_WORK TASK_: For this exercise, write out only the lines of the entries below from the one with "2025新款纯欲风假两件针织连衣裙子女夏季韩系高级感气质掐腰长裙" up to and including the one with "Chanderi saree-VSC33 Maroon (5)", exactly as they are. Pictures stay out.

_RECORDS SHOWN_:
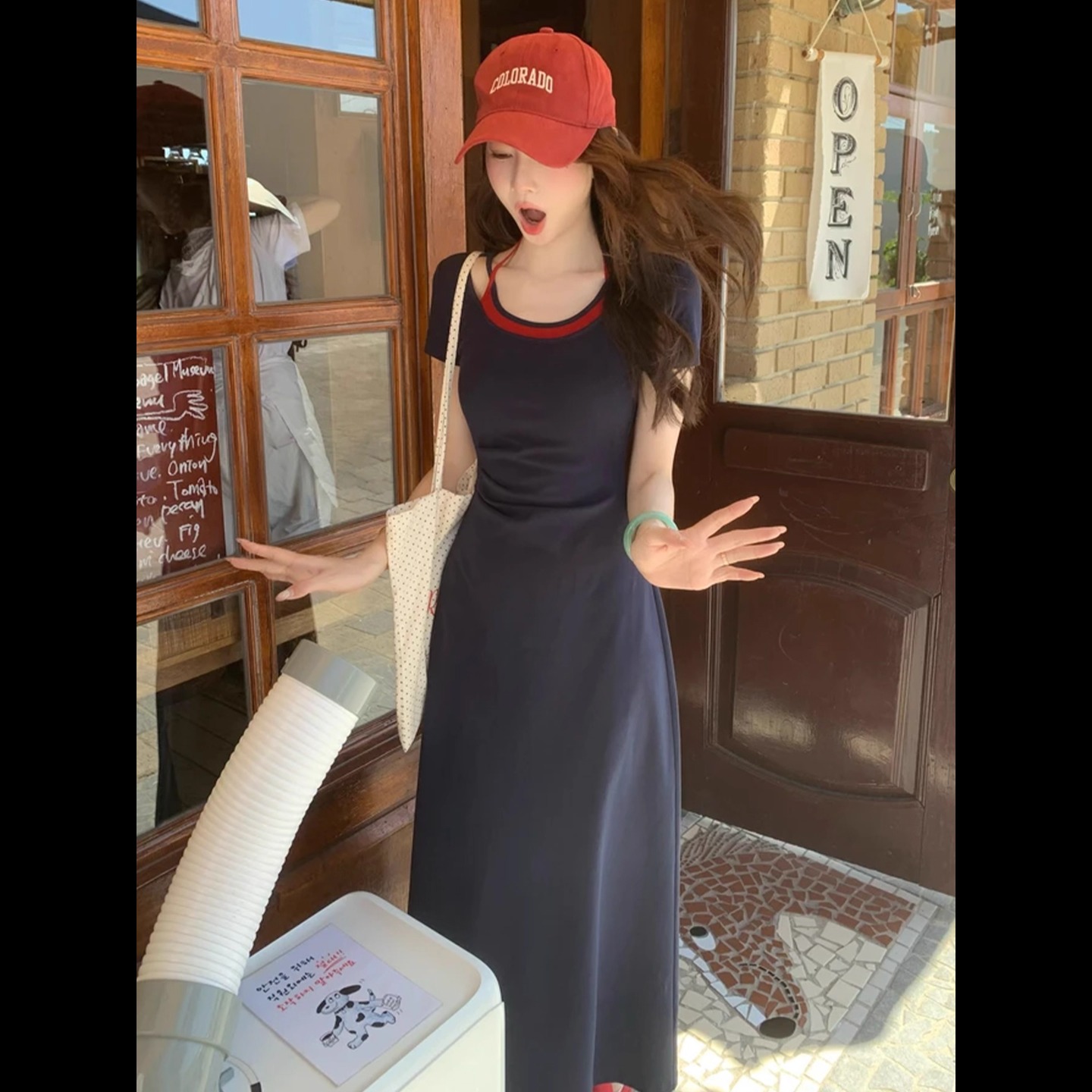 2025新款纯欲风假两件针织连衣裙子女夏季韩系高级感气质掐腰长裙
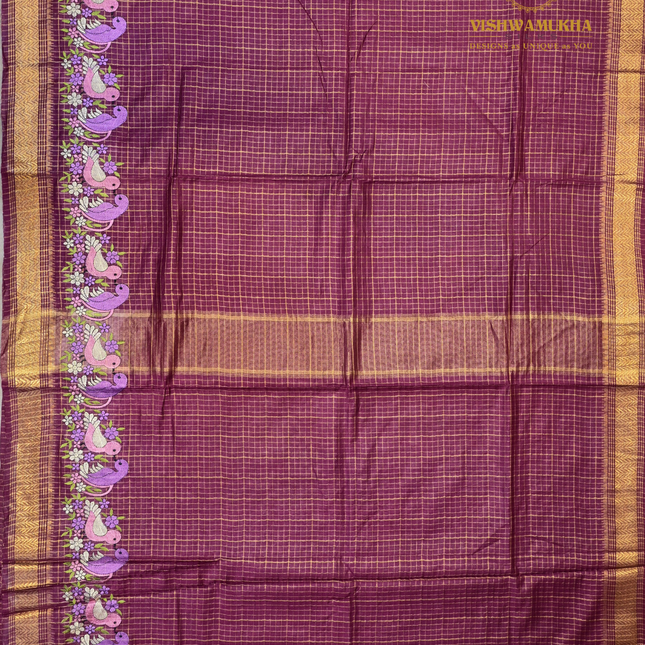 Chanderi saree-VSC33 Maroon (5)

--

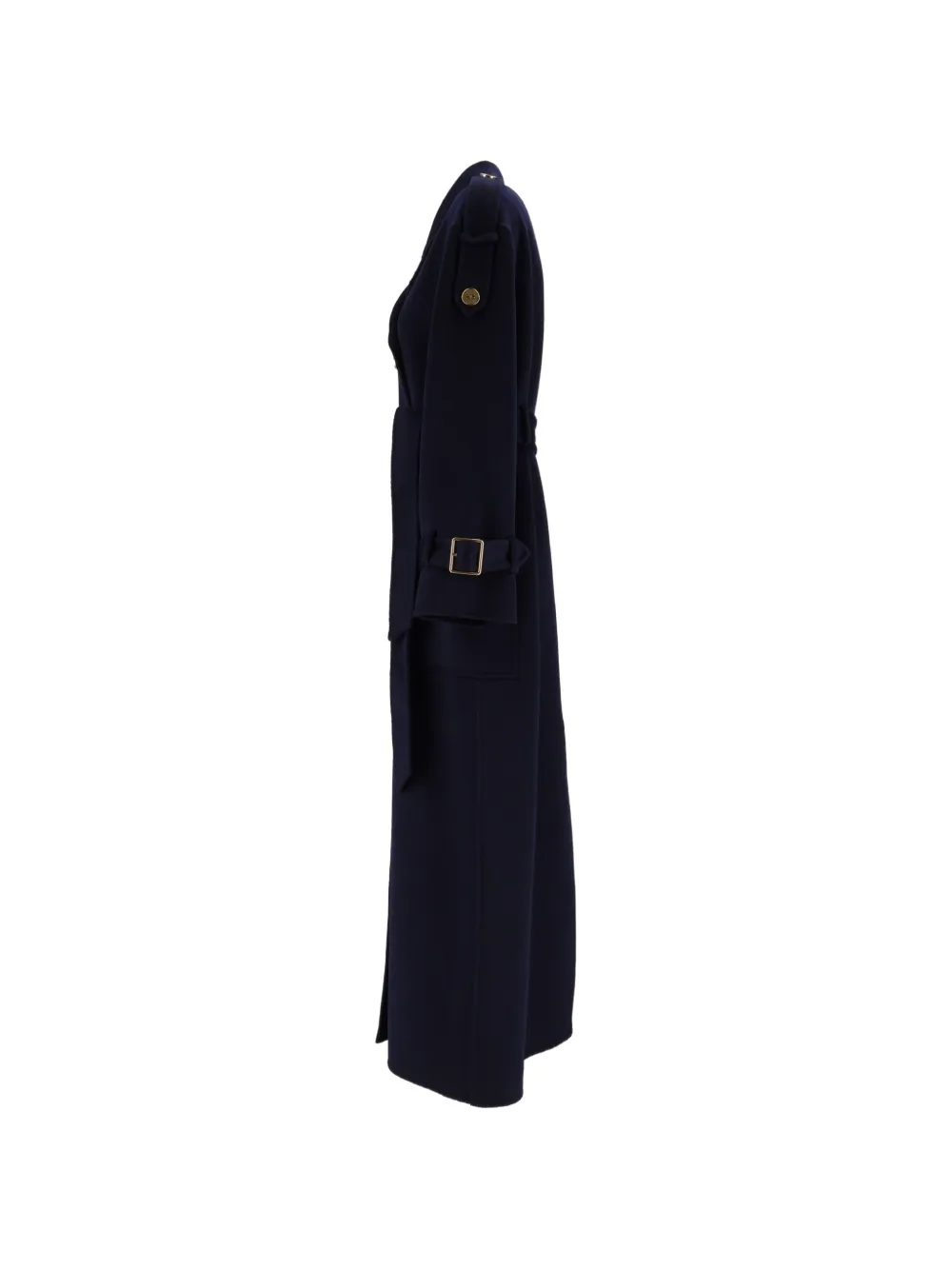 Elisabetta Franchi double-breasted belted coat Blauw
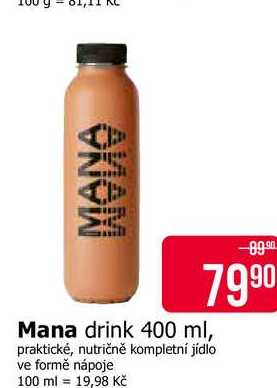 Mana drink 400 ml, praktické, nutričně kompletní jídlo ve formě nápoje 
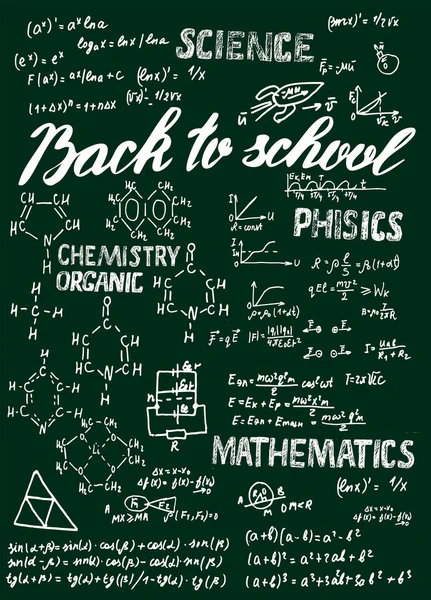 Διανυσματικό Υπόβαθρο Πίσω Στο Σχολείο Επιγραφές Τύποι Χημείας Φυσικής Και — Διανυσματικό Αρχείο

_TASK RESULT_:
 2025新款纯欲风假两件针织连衣裙子女夏季韩系高级感气质掐腰长裙
 Chanderi saree-VSC33 Maroon (5)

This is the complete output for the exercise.